In this edition, we discuss the sentence handed down for insider trading in Cann Group Limited (ASX: CAN) (Cann Group) shares.
In Over the Horizon, we consider the warning from the Hon Justice Simon Steward AC, of the High Court of Australia, suggesting that the deployment of corporate resources to advance political or social causes could potentially result in breaches of directors’ duties where there is a lack of a clear, credible link to long-term financial interests of the company.
Legal
Insider trading sentence underscores personal accountability for market misconduct
On 7 October 2025, ASIC reported that Mr Antonio Stella has been sentenced to 11 months’ imprisonment and ordered to pay a penalty of $225,447.24 (equal to the profit and loss avoidance resulting from his behaviour) for insider trading in Cann Group shares. The sentence stemmed from Mr Stella’s disposal of Cann Group shares shortly before the company undertook a share placement at a discount to the prevailing share price and his subsequent acquisition of shares in that same placement. Mr Stella is to be released upon entering a $1,000 recognisance to be of good behaviour for 12 months. Strengthening the investigation and prosecution of insider trading is one of ASIC’s enforcement priorities for 2025.
Over the Horizon
Bench against Board: judicial scrutiny looms over corporate social advocacy
The Hon Justice Simon Steward AC of the High Court of Australia, in a recent speech at the Melbourne Law School, warned that corporate public alignment with ‘contentious’ political and social causes could conflict with directors’ underlying legal obligations and duties.

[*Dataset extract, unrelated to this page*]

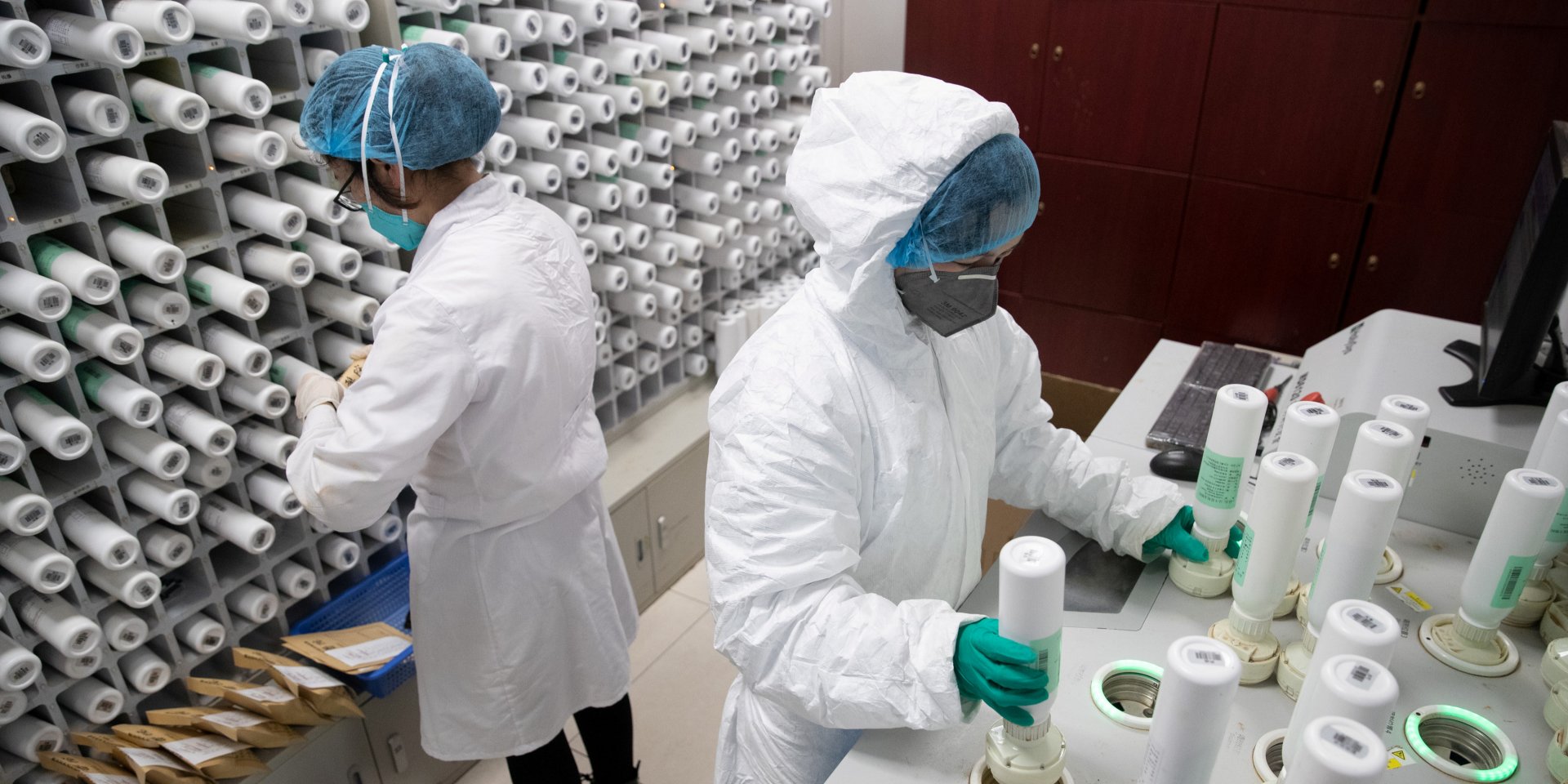 Ученые из Китая обнаружили изменения в симптомах коронавируса (Фото: China Daily via REUTERS)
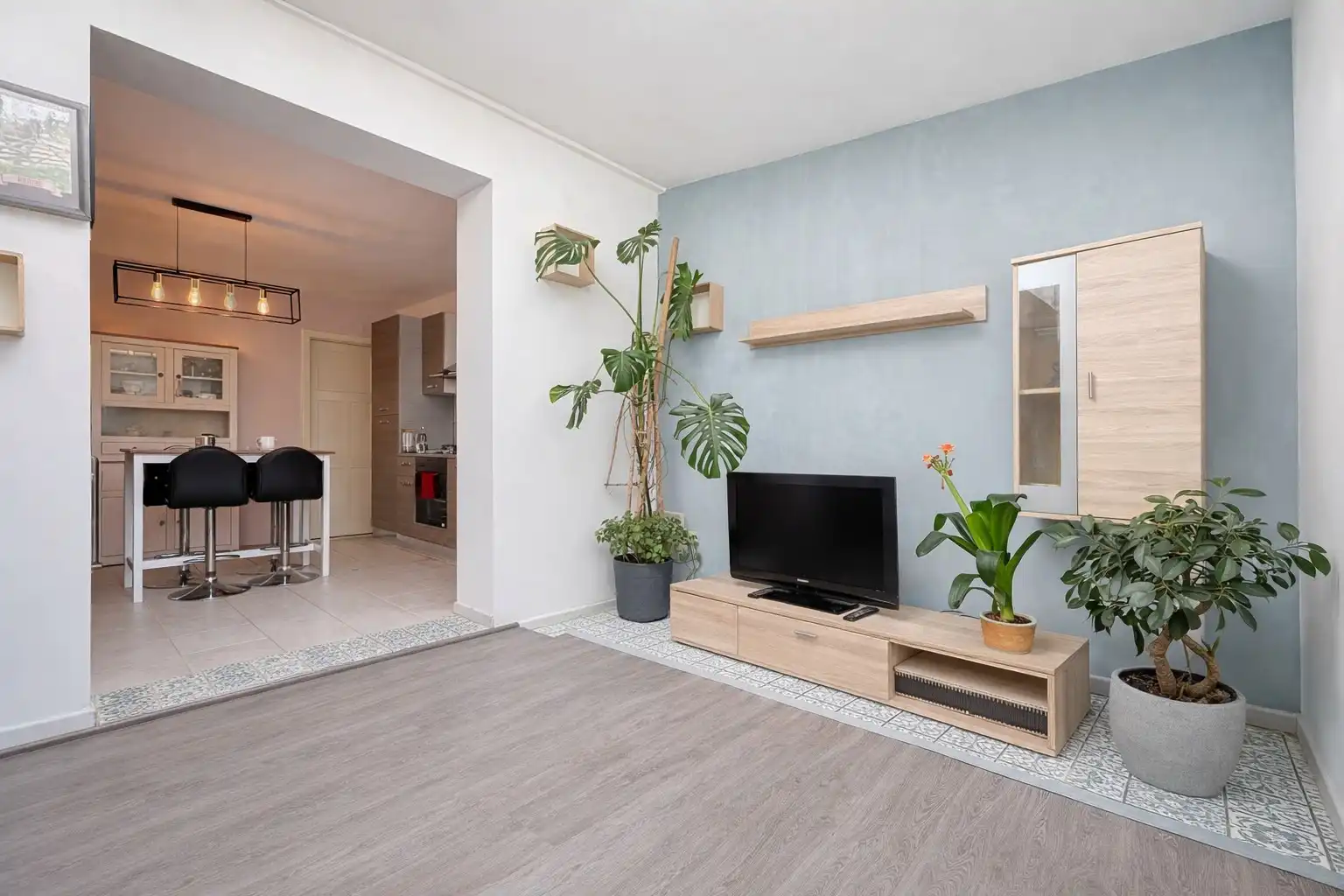 Op te knappen gezinswoning met tuin te Nieuwpoort-Stad. foto 8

Justice Steward noted that it may only be a matter of time until the propriety of such conduct (as a matter of compliance with directors’ duties) is meaningfully tested in litigation before the Australian courts. His Honour also questioned whether corporate advocacy satisfies the business judgment rule without demonstrable, company‑specific benefits – particularly when balanced against foreseeable reputational and financial risks. Boards may see rising shareholder challenges to purpose‑driven campaigns and stronger demand for evidence linking advocacy to enterprise value. This is particularly true where boards are perceived by shareholders to use a corporate entity to promote personal political views or social values, where there is no clear link to the financial interests of the corporation.